• RECORDED INFORMATION:

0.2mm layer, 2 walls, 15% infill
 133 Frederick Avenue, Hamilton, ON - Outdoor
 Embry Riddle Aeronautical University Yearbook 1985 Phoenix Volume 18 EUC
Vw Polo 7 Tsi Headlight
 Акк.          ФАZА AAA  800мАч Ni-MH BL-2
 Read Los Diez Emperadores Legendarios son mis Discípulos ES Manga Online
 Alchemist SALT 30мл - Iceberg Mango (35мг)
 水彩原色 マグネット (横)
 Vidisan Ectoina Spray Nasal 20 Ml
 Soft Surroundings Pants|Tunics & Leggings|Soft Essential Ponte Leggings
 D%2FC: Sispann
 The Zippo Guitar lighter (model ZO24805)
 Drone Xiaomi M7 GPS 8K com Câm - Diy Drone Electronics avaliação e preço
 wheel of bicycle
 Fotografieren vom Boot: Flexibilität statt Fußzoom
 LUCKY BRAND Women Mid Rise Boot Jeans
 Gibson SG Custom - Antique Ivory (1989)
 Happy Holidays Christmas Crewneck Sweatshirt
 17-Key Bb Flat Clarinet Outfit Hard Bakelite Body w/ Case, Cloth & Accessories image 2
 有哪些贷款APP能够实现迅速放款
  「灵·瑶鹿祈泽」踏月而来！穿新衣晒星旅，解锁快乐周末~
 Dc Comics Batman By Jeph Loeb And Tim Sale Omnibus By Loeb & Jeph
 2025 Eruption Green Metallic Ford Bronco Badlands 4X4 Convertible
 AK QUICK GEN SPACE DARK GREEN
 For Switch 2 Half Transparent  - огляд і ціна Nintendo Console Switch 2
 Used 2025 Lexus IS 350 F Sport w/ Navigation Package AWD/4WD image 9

• WORK TO BE COMPLETED:
Take the lines above and retype all of them exactly.

• FINISHED EXERCISE:
0.2mm layer, 2 walls, 15% infill
 133 Frederick Avenue, Hamilton, ON - Outdoor
 Embry Riddle Aeronautical University Yearbook 1985 Phoenix Volume 18 EUC
Vw Polo 7 Tsi Headlight
 Акк.          ФАZА AAA  800мАч Ni-MH BL-2
 Read Los Diez Emperadores Legendarios son mis Discípulos ES Manga Online
 Alchemist SALT 30мл - Iceberg Mango (35мг)
 水彩原色 マグネット (横)
 Vidisan Ectoina Spray Nasal 20 Ml
 Soft Surroundings Pants|Tunics & Leggings|Soft Essential Ponte Leggings
 D%2FC: Sispann
 The Zippo Guitar lighter (model ZO24805)
 Drone Xiaomi M7 GPS 8K com Câm - Diy Drone Electronics avaliação e preço
 wheel of bicycle
 Fotografieren vom Boot: Flexibilität statt Fußzoom
 LUCKY BRAND Women Mid Rise Boot Jeans
 Gibson SG Custom - Antique Ivory (1989)
 Happy Holidays Christmas Crewneck Sweatshirt
 17-Key Bb Flat Clarinet Outfit Hard Bakelite Body w/ Case, Cloth & Accessories image 2
 有哪些贷款APP能够实现迅速放款
  「灵·瑶鹿祈泽」踏月而来！穿新衣晒星旅，解锁快乐周末~
 Dc Comics Batman By Jeph Loeb And Tim Sale Omnibus By Loeb & Jeph
 2025 Eruption Green Metallic Ford Bronco Badlands 4X4 Convertible
 AK QUICK GEN SPACE DARK GREEN
 For Switch 2 Half Transparent  - огляд і ціна Nintendo Console Switch 2
 Used 2025 Lexus IS 350 F Sport w/ Navigation Package AWD/4WD image 9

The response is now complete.